- [WHAT IS REQUIRED] Copy each line of the following data that contains "снимка".

- [Short web captions]
• • • •
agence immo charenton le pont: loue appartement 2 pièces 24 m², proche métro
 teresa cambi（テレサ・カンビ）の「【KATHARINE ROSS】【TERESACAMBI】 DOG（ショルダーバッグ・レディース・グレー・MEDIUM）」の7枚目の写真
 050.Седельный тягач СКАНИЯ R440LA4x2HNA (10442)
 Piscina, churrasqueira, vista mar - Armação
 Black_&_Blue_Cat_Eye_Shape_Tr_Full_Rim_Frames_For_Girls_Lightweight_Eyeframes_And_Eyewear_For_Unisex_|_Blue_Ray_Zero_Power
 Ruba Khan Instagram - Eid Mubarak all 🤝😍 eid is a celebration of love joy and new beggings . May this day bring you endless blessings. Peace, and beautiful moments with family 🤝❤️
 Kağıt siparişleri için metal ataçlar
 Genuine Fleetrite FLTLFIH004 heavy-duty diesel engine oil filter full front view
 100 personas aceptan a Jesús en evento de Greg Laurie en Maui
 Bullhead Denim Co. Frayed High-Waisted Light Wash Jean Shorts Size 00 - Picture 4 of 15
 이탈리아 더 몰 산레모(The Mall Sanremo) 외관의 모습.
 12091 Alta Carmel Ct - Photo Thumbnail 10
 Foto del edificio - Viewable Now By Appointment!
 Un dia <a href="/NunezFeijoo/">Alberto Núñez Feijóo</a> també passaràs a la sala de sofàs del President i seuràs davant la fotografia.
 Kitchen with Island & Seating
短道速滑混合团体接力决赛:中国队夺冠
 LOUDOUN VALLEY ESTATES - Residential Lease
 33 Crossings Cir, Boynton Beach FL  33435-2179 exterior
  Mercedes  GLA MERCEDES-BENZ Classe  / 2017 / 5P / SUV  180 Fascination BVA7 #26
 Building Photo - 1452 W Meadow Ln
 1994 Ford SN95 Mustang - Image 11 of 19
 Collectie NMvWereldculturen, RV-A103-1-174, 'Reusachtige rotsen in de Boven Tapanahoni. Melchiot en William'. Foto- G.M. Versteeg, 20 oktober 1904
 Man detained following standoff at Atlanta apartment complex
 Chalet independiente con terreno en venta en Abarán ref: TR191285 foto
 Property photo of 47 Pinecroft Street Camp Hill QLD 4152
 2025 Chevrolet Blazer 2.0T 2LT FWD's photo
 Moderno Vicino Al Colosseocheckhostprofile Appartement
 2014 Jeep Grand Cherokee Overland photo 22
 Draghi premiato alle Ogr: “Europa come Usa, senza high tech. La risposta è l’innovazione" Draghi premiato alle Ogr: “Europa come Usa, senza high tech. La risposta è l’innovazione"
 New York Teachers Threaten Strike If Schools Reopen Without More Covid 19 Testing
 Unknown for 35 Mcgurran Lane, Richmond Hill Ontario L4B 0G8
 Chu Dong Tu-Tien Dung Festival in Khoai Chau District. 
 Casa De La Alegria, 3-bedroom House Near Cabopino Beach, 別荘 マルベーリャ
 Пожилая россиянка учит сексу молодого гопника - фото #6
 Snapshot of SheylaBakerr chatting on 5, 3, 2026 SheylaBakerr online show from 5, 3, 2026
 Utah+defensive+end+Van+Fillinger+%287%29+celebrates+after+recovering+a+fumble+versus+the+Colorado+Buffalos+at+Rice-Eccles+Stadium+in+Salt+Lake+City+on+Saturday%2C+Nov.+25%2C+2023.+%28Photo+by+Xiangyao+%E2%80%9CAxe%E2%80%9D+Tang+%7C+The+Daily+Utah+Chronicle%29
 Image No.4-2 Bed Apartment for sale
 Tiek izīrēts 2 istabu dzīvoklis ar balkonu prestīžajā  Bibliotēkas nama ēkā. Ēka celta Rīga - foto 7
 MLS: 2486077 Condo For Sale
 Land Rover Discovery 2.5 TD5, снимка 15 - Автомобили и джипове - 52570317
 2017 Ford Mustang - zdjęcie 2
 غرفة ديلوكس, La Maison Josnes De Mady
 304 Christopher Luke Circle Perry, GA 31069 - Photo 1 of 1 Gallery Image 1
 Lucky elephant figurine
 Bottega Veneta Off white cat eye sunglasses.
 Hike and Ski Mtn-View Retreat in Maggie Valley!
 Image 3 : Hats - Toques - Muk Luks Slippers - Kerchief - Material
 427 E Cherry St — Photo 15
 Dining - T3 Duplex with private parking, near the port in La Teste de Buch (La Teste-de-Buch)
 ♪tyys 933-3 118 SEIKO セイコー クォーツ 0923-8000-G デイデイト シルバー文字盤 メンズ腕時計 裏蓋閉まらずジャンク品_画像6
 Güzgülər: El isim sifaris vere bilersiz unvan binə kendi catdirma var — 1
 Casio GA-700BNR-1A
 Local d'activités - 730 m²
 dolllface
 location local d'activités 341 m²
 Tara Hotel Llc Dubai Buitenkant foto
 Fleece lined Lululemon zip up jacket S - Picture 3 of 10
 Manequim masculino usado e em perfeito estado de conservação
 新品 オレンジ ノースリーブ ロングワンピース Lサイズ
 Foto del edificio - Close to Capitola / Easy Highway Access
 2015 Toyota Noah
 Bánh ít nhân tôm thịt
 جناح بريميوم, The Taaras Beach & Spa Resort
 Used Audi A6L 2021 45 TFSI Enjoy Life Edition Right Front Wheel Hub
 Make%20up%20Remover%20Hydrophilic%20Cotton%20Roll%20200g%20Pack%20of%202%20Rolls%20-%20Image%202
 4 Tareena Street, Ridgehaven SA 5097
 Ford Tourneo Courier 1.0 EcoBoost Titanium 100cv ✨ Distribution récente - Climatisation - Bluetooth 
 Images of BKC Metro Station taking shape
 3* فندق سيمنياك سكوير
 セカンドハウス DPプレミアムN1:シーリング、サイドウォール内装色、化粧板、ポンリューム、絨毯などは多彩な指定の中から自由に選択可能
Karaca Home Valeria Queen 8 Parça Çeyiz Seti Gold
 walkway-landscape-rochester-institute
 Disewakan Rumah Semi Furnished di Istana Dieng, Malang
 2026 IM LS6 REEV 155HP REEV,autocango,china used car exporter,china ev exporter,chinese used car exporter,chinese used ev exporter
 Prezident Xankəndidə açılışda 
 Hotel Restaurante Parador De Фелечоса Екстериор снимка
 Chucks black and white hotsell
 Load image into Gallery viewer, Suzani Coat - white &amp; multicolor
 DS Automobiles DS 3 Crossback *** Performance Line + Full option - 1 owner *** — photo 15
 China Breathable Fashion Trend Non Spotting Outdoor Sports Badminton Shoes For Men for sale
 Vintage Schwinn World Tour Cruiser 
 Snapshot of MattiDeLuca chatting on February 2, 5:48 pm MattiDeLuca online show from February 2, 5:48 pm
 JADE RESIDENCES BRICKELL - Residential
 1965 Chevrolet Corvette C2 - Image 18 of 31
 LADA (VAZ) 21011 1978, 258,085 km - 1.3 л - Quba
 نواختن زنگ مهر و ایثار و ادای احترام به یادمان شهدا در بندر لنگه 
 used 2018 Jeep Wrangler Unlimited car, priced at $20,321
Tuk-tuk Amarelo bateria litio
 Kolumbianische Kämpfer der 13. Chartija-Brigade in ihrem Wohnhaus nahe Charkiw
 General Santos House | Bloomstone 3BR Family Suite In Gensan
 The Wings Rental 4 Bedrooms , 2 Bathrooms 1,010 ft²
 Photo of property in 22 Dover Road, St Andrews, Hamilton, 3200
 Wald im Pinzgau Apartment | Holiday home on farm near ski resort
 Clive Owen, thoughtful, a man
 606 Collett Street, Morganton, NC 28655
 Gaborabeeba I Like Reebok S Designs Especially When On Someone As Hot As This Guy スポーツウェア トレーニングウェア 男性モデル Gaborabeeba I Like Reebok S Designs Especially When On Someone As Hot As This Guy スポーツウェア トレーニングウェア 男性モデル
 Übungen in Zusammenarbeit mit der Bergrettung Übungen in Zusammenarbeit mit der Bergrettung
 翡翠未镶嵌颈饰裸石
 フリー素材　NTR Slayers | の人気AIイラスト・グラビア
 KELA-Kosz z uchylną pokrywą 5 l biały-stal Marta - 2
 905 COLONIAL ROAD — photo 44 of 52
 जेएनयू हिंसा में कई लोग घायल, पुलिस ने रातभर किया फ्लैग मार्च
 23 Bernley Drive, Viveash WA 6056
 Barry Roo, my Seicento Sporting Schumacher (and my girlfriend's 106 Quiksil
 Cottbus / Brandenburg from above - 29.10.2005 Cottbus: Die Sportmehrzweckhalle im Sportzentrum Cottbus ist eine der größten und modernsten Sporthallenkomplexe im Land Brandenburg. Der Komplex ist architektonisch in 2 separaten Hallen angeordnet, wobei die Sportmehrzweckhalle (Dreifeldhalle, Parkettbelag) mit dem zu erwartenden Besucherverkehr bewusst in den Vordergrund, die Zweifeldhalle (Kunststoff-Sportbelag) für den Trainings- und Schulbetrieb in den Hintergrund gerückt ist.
• • • •
- [EXPECTED ANSWER]
 Land Rover Discovery 2.5 TD5, снимка 15 - Автомобили и джипове - 52570317
 Hotel Restaurante Parador De Фелечоса Екстериор снимка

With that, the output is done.